This option checks the applications that are basically sideloaded with the help of ADB due to come harmful or suspicious code. It is quite similar to how applications that are already downloaded on your device are firstly verifies with the help of Google Play Protect. This might come handy in case you choose to download some apps from through the web on your PC and then with the help of ADB, you install them.
Verify bytecode of debuggable apps
This option is also used as a security measure and you should know that it is enabled by default on your respective device.
Logger buffer size
This option is made to change the maximum size of files that are made for the logger (also called as “logcat”). You should know that a longer buffer can easily display older activity infront of you but a shorter buffer would only show you the most recent logs of the activity done by you.
At times, google includes some experimental features under the list of features of the android developer previews and betas. This is the place where those features are located. It is important to know that mostly all the devices run a stable version of Android and consists of an empty Feature flags menu.
The GPU debug layers to be enabled
This option allows Vulkan validation layes to get loaded from the respective local device storage. Google has a bunch of documentation which is more important. Google contains some documentation along with more information.

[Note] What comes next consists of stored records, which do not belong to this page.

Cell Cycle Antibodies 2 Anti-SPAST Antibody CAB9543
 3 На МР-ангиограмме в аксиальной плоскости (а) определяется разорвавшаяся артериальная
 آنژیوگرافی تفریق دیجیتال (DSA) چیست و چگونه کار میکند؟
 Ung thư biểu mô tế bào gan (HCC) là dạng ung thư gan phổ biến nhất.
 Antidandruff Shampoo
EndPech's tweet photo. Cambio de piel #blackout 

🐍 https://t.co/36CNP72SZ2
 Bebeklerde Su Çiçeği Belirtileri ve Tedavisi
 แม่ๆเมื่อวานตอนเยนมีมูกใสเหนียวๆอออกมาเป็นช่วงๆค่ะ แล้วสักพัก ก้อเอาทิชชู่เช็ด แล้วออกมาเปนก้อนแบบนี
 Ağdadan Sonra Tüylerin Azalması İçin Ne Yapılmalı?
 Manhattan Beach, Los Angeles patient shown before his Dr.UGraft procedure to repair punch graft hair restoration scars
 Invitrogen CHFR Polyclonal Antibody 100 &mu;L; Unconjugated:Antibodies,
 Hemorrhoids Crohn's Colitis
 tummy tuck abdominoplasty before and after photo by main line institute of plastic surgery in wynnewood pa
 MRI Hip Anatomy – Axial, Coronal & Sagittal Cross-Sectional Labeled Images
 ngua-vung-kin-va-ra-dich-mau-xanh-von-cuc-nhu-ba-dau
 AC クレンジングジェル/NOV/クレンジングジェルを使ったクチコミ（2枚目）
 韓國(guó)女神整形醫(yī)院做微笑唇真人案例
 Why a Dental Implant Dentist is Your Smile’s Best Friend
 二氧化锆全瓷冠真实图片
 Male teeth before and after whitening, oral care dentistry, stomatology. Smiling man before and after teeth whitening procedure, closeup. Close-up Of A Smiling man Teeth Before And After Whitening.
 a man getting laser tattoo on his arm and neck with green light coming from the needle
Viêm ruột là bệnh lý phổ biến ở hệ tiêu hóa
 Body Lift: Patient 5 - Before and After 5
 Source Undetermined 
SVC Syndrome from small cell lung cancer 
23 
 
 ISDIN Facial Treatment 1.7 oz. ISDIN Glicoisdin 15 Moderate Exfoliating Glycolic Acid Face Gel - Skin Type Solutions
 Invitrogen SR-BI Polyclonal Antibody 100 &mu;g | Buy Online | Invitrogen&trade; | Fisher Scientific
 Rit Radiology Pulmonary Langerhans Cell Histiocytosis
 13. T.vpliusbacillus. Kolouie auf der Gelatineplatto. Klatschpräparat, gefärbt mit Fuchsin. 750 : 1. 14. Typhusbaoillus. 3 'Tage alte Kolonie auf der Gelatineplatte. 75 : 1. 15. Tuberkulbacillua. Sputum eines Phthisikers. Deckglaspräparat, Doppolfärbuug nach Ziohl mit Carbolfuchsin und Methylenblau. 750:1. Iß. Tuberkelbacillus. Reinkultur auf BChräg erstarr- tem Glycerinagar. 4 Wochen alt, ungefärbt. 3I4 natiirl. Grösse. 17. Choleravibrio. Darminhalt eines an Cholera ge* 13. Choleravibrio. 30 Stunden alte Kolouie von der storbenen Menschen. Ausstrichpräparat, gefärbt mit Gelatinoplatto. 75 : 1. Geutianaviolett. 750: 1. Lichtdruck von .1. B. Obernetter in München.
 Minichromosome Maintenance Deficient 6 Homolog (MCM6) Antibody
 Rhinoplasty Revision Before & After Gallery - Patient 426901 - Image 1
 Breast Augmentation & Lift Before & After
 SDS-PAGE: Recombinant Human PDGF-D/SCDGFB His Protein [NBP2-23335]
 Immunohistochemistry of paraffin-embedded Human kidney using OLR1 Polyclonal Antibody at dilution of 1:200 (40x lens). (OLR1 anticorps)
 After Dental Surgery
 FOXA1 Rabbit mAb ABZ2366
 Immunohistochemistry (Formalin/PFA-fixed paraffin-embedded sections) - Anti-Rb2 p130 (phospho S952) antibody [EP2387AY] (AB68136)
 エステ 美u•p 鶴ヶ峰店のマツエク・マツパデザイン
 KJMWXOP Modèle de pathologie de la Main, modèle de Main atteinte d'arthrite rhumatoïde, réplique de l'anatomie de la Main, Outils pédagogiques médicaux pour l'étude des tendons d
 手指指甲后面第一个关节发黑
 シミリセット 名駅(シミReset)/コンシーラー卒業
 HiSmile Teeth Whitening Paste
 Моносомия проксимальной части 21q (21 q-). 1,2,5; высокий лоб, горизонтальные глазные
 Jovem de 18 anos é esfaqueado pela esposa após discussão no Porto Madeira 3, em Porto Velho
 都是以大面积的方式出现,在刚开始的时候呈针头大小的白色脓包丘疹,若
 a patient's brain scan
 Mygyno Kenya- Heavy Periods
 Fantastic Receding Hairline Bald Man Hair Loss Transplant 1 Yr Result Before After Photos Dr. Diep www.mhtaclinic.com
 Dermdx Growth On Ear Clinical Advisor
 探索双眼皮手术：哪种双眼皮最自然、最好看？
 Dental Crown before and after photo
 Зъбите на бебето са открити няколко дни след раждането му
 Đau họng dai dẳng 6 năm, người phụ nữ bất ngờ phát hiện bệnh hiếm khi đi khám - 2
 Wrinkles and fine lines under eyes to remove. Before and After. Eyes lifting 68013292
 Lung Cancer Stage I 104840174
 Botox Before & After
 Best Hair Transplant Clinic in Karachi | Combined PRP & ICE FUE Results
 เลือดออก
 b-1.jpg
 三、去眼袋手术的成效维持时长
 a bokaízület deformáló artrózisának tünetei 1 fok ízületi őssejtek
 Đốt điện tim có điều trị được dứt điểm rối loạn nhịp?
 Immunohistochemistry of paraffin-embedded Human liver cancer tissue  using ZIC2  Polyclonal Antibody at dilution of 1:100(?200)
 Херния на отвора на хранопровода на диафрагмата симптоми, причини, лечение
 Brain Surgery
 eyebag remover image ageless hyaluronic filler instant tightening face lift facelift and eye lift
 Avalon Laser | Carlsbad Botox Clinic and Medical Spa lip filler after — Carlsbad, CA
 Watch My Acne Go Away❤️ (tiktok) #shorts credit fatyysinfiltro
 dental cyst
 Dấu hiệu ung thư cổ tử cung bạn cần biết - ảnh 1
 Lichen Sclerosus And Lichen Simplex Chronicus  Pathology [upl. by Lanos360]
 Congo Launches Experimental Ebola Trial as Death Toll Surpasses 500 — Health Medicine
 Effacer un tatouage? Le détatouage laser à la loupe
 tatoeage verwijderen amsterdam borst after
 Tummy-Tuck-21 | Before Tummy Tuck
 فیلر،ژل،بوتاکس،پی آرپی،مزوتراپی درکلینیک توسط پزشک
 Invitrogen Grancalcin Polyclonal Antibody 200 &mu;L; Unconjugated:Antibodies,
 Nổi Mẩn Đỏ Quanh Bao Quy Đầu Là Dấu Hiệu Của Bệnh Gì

Graphics Driver Preferences
This basically allows you to override your system graphics for some particular applications with the help of a different driver. In most cases, devices do not seem to have any other option when it comes to a graphics driver.
App Compatibility Changes
This option is in the form of a menu that allows the users to test each and every API individually, with respect to its change in the current version of the android used by you as compared to the older verison and this proves to be very helpful for the entire development process of updating an application. Note that it only words for the apps that are debuggable so it might not be much useful outside the software development.
Show Refresh rate
This option adds a fraps-like counter which is present at the top of the screen and is meant dor checking the current refresh rate. It is very helpful and important for those devices which often dynamically switch between refresh rates. You need to make sure that you know that this is not a frame rate counter.
Allow screen overlays on settings
Now, we are seeing that the modern versions of Android that are present in the market do not allow overlays to run while you have opened the settings app on you device. This is done to prevent possible risks to security.
This option has proved to be of extreme use and help for the better performance and optimization of the device during the process of app development.
Wireless display certification
Under this setting, you will be able to cast the screen of your device to the screen of some other TV or monitor that happens to support Miracast. You should know that Google ripped out he code for it many year ago in order to prompt its own casting software known as chromecast standard. As a conclusion, this option does not really do anything on most devices.
Enable Wi-Fi verbose logging
This option displays the strength of the signals received on the indicator or the RSSI to keep it short on every network in the Wi-Fi settings. The RSSI value has the ability to tell you that the strength of a provided Wi-Fi signal but you should know that some apps such as WiFi Analyzer are much better tool for the job than this.
Wi-Fi safe mode
This option is available to you on some devices only. It gives priority to network stability over performance.
Wi-Fi scan Throttling
This option limits how you ccan sca your device for Wi-Fi network and it could reduce battery drain at times and it also means that it could take longer for your respective device to connect to any desired selected network.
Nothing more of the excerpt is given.